When the movement spread to Salt Lake City, I attended two planning meetings and marched twice through the financial district, where I rubbed shoulders with old friends and made new ones. Here are some opinions from several fellow Occupiers.

Organizer William Rutledge, a former Iraq War army pilot, owns a pickling business while pursuing a degree in history. “The deregulation of Wall Street gave too much power to a small group,” Rutledge said. “When I heard about Salt Lake’s first meeting, I had to come.”

What’s evident at Occupy SLC meetings is a lack of efficiency, but anarchical democracy doesn’t mean chaos. The gatherings don’t so much lack order, but function without orders. Every decision requires a vote, often after lengthy discussion. This seems frustratingly slow, but the intention is to cast a broad net. “We represent a vast group of individuals not bound by politics, religion or even social values,” says Rutledge.

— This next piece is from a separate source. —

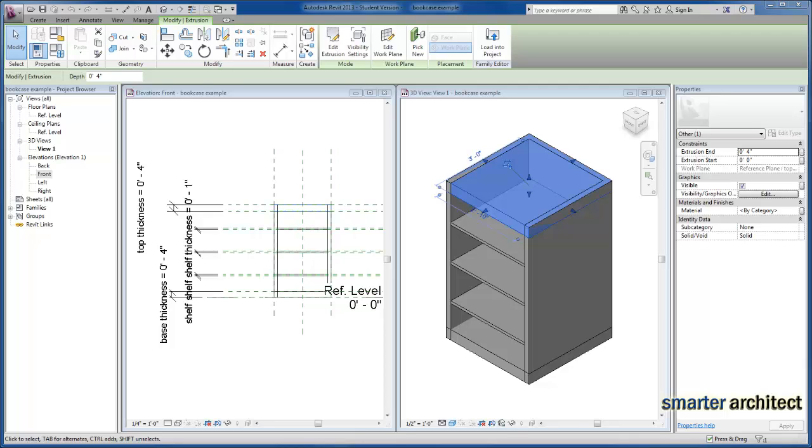In this video, we're going to take a look at materials as it relates to the bookcase family that we've created in the past videos.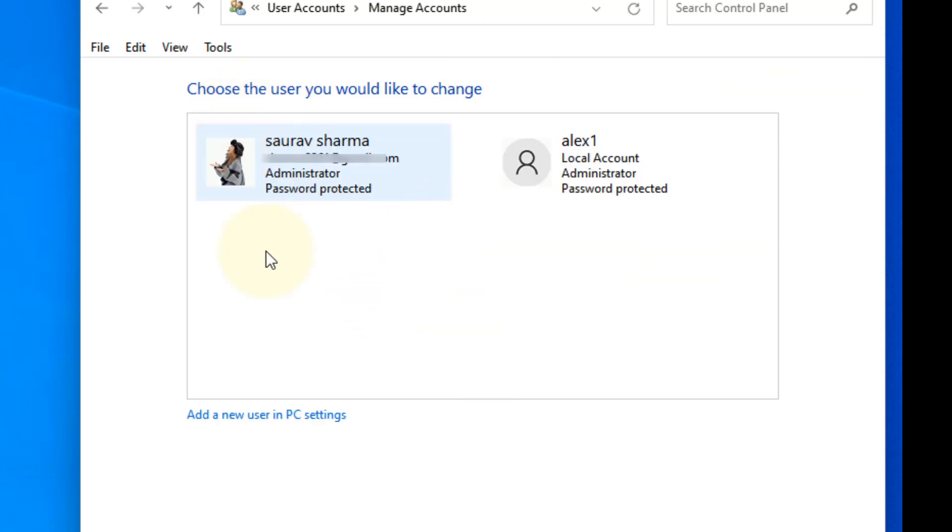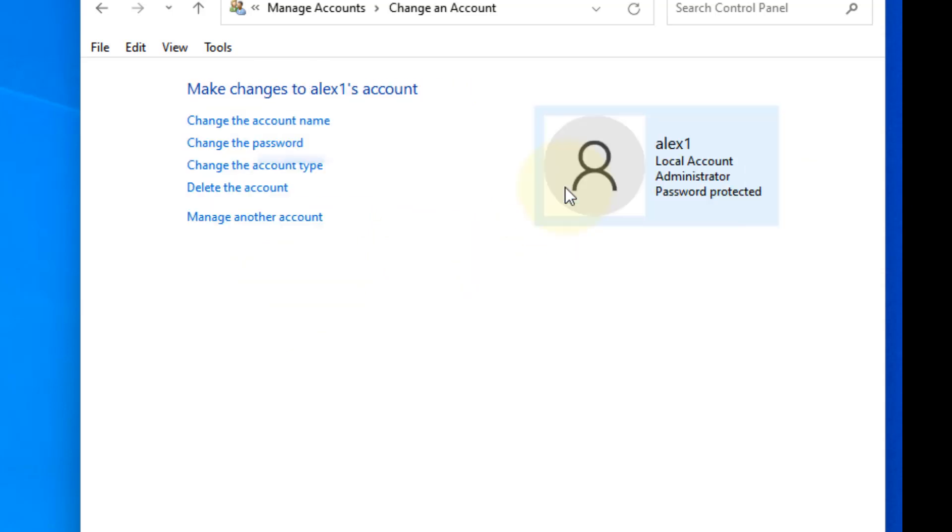All the accounts on your system are listed here. Now select the account you want to change by clicking on it, and then click on Change the Account Type.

Virasha Zayin serves on the outreach committee. “I hate social injustice and government control.” She jokes that her involvement gives her “a place to channel my peaceful, passionate rage.”

Last Thursday’s march in the cold rain attracted several hundred people in similar moods. The noon march Saturday had about 75, but participants were no less passionate.

Tali Bruce, marketing director of a juicebar chain and mother of five from Draper, observed, “There's a misconception that only the unemployed are discontented.”

Bookkeeper Steven Floor was recently laid off due to outsourcing. “Voting is often a choice between the lesser of two evils,” he said, “but I can add my presence to a crowd that may garner some attention.”

Chris Eaves, 19, has put her education on hold. “Back in the day, going to college meant you’d get a job. Now, university graduates work at McDonald's and can't pay their loans.”

Freight broker David Dalby marched with his wife, a sales clerk, and their children, 11 and 5. “It's their college fund we can’t save for [while] Wall Street bankers gamble away billions with no downside risk.”

One of three young anarchists shrouded in black with only their eyes visible reported being OK at an event that included Ron Paul supporters to “express solidarity with a common cause against the corporatocracy.”

Tremonton Ron Paul-ite Dete Maurer marched haltingly at the back, hoping red lights would slow the pace. The disabled construction worker said, “We Libertarians have a lot in common with what’s going on here. Bribery of elected officials by lobbyists must stop.”

Ike Murphy is a database manager for a major corporation, has a working wife, a son and a $170,000 mortgage on a house now worth $140,000. “Me paying my mortgage didn't cause the housing bubble. It was banks trading worthless paper.”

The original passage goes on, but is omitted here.